*** Opening of Collected data ***

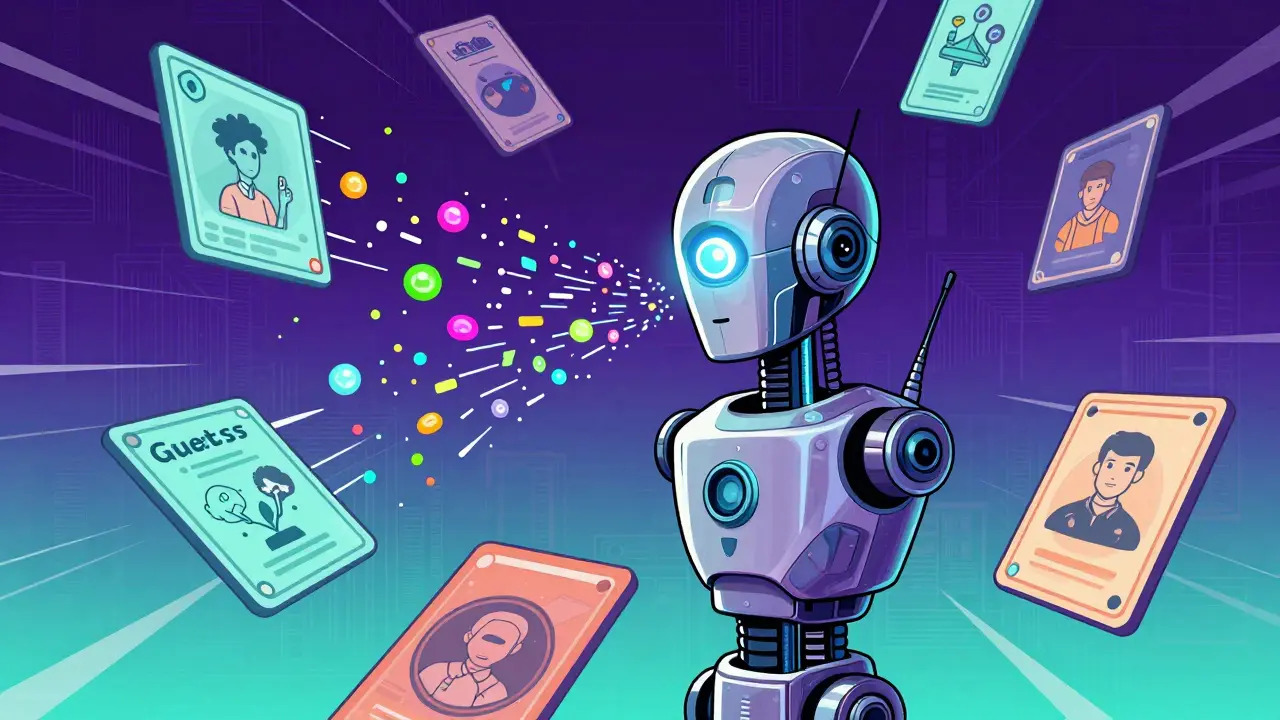 Stylized AI robot head curating digital quests in retro-futuristic art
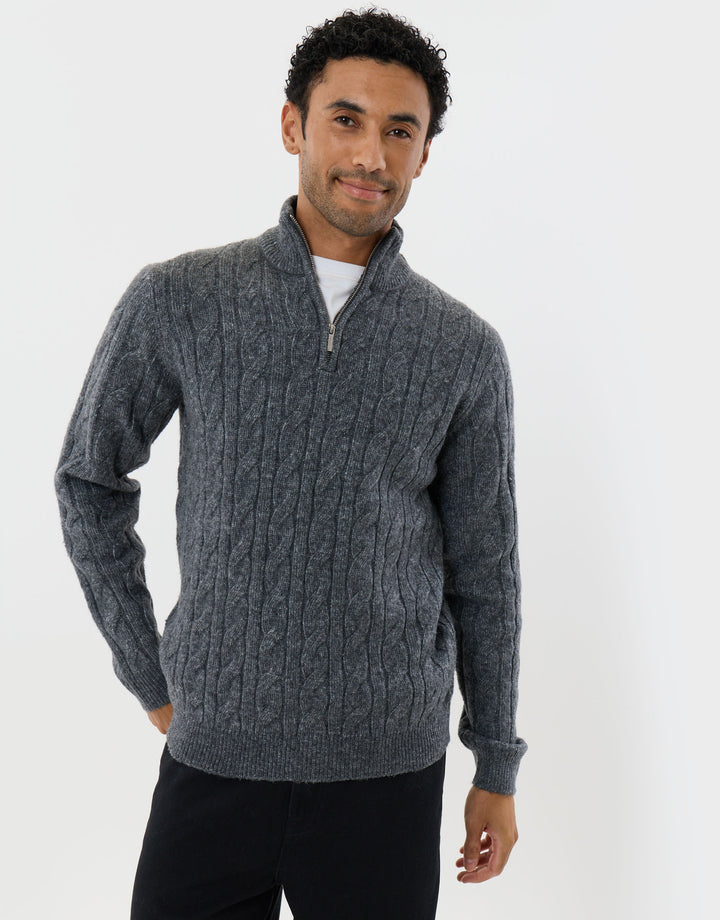 Cable Knit Quarter Zip Jumper in Charcoal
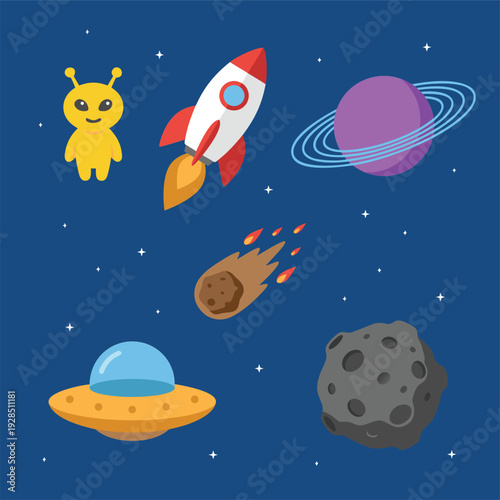 Cute Cartoon Space Elements Collection.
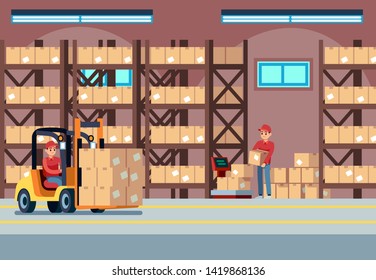 Warehouse interior. People loaders working in industry stockroom, transportation and forklift, delivery truck with pallet vector logistic concept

*** Close of Collected data ***

▶ [The task]: Give back the data verbatim. The pictures are not part of the copy.

▶ [Result of this task]:
 Stylized AI robot head curating digital quests in retro-futuristic art
 Cable Knit Quarter Zip Jumper in Charcoal
 Cute Cartoon Space Elements Collection.
 Warehouse interior. People loaders working in industry stockroom, transportation and forklift, delivery truck with pallet vector logistic concept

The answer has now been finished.